Paris catacombs
                            home         :        research         :        publications         :        presentations         :        personal      

Current Projects

  • The Language of Iranian Blogs

    Persian is one of the top ten languages in the Blogosphere (source: Technorati). The main goal of the project is to provide a linguistic analysis of the language used in Iranian blogs - including conversational Persian text, code-switching, and neologisms - and provide tools for blog analysis such as a morphological analyzer, automatic topic and language classification, and a lexicon of blog vocabulary.
    Some findings from this project were published in Low-density language strategies for Persian and Armenian. In Language Engineering for Lesser-Studied Languages, Sergei Nirenburg (ed). IOS Press of Amsterdam. February 2009.

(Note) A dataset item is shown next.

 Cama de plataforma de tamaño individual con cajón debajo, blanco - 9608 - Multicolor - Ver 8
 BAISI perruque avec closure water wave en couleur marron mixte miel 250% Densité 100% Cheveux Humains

  • Tajiki Persian Machine Translation

    A finite-state transducer that converts Tajiki Persian text (in Cyrillic) to Iranian Persian script (Perso-Arabic) and runs the resulting transliterated document through an existing Persian-to-English MT system. We use this strategy for the rapid prototyping of MT for the low-resource Tajiki language.
    The preliminary results were reported in Low-density language bootstrapping: The case of Tajiki Persian. In Proceedings of LREC 2008. Marrakech, Morocco, May 2008.

  • Persian NLP Resources

    I am collecting a list of existing NLP resources for Persian language. The results will be posted on the SFIL website.

  • Persian Heritage Language

    - Developing a language teaching tool for analysis of Persian text, based on morphological analysis.
    - Grammar book designed for Persian heritage speakers.

Conference Organization

- Third Workshop on Computational Approaches to Arabic Script-based Languages; MT Summit XII, Ottawa, August 2009
- International Conference on Complex Predicates in Iranian Languages; Paris, July 2008

Persian NLP: Shiraz Project (1997-1999)

I was the computational linguist responsible for the development of the Shiraz machine translation system at the Computing Research Lab (CRL) in New Mexico State University. The Shiraz project was a MT prototype developed at CRL that translated Persian text into English and used typed feature structures and an underlying unification-based formalism to describe Persian linguistic phenomena. It used an electronic bilingual Persian to English dictionary consisting of approximately 50,000 terms, a complete morphological analyzer, a syntactic parser as well as transfer and generation modules. The system components were tested on a bilingual tagged corpus developed from a large Persian corpus of on-line material (approximately 10MB). The machine translation system is mainly targeted at translating news material.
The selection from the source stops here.